- _Input data_
=-=-=
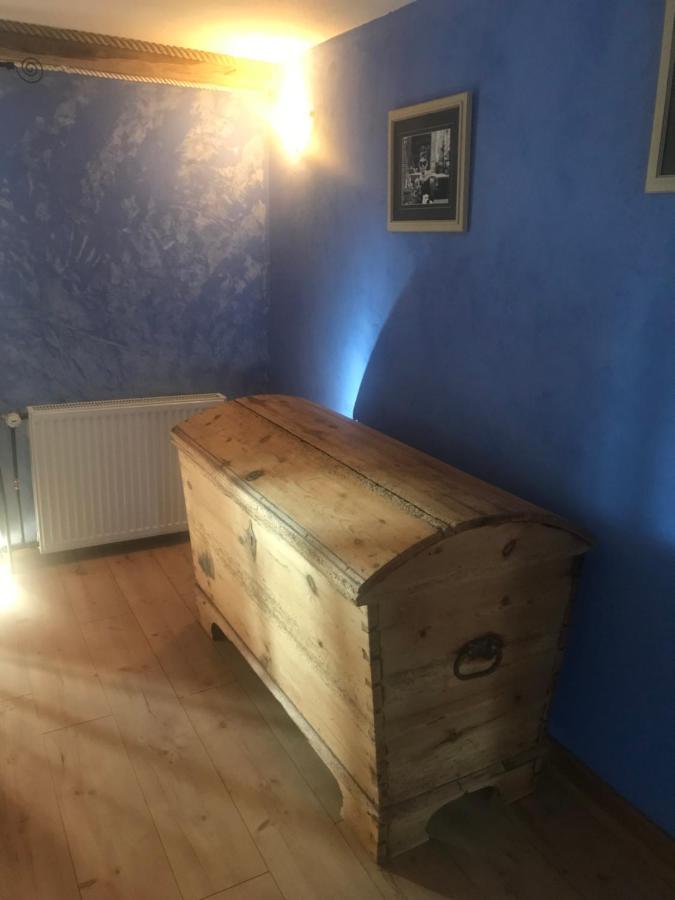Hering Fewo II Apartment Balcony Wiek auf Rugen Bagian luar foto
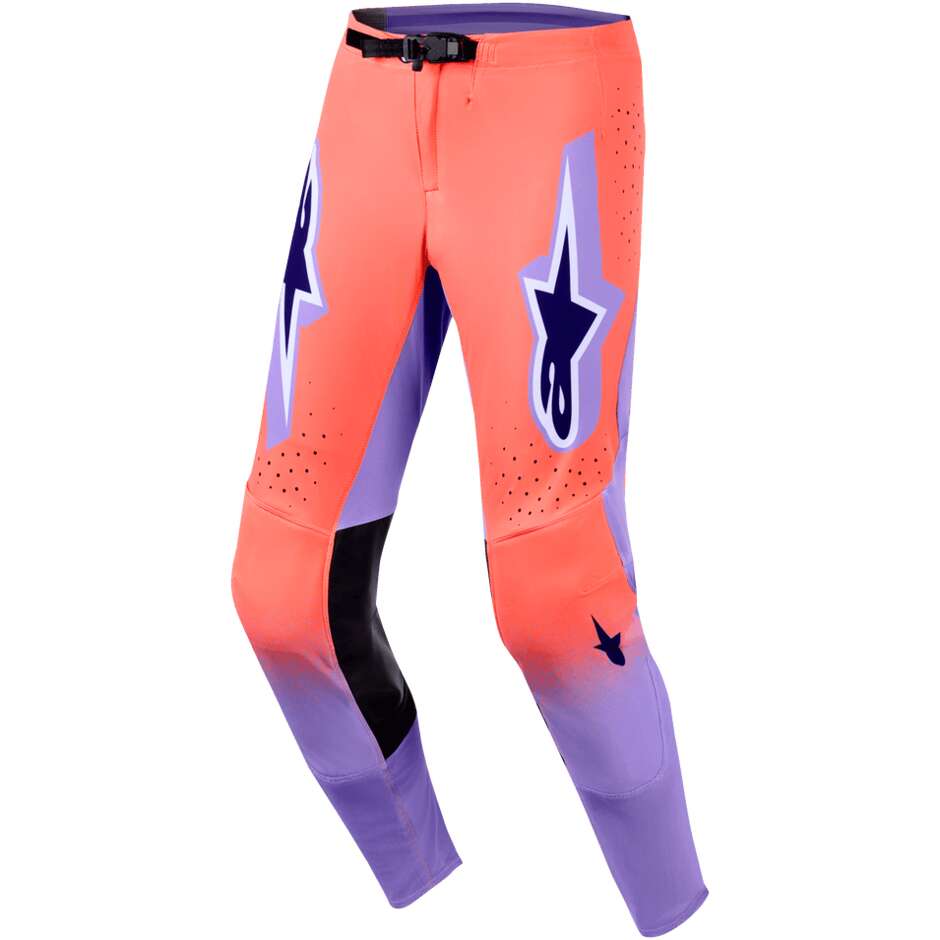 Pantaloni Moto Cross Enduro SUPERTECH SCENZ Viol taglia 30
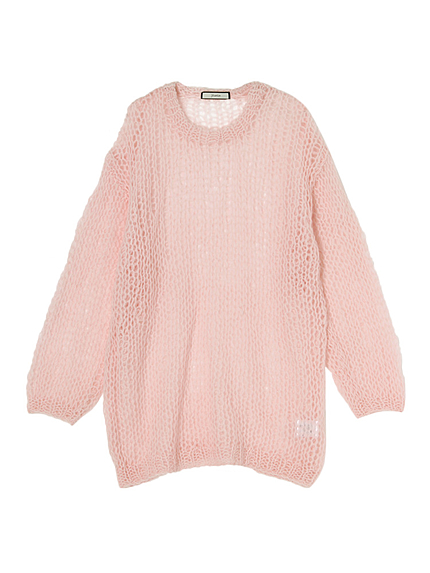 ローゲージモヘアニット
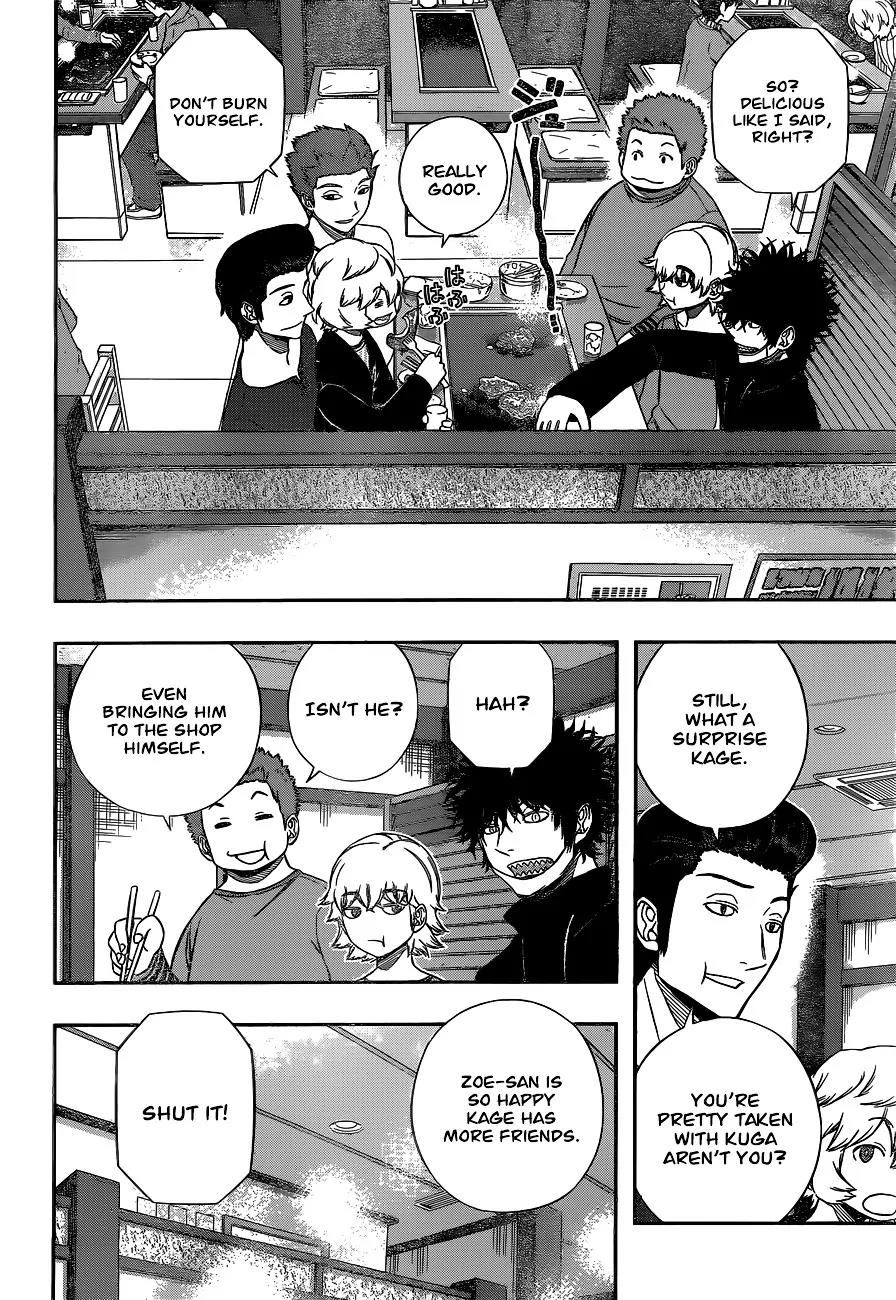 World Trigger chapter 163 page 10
=-=-=
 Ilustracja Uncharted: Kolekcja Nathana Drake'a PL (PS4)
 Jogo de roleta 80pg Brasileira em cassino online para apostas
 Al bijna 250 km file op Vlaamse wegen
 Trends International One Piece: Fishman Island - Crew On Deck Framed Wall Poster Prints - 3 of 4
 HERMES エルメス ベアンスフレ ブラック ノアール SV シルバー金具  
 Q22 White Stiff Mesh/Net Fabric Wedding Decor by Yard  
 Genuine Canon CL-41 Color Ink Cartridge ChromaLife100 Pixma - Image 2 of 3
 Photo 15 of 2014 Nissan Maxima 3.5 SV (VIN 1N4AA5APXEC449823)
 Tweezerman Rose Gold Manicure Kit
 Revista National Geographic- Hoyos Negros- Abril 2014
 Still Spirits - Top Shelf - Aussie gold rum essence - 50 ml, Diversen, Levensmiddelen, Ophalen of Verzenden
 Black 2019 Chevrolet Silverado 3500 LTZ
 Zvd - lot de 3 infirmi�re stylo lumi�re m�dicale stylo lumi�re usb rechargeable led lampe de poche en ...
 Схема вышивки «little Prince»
=-=-=
- _Task details_
Of all the entries above, output exactly the lines between the one holding "Trends International One" and the one holding "Revista National Geographic- Hoyos", inclusive.

- _Output of the task_
 Trends International One Piece: Fishman Island - Crew On Deck Framed Wall Poster Prints - 3 of 4
 HERMES エルメス ベアンスフレ ブラック ノアール SV シルバー金具  
 Q22 White Stiff Mesh/Net Fabric Wedding Decor by Yard  
 Genuine Canon CL-41 Color Ink Cartridge ChromaLife100 Pixma - Image 2 of 3
 Photo 15 of 2014 Nissan Maxima 3.5 SV (VIN 1N4AA5APXEC449823)
 Tweezerman Rose Gold Manicure Kit
 Revista National Geographic- Hoyos Negros- Abril 2014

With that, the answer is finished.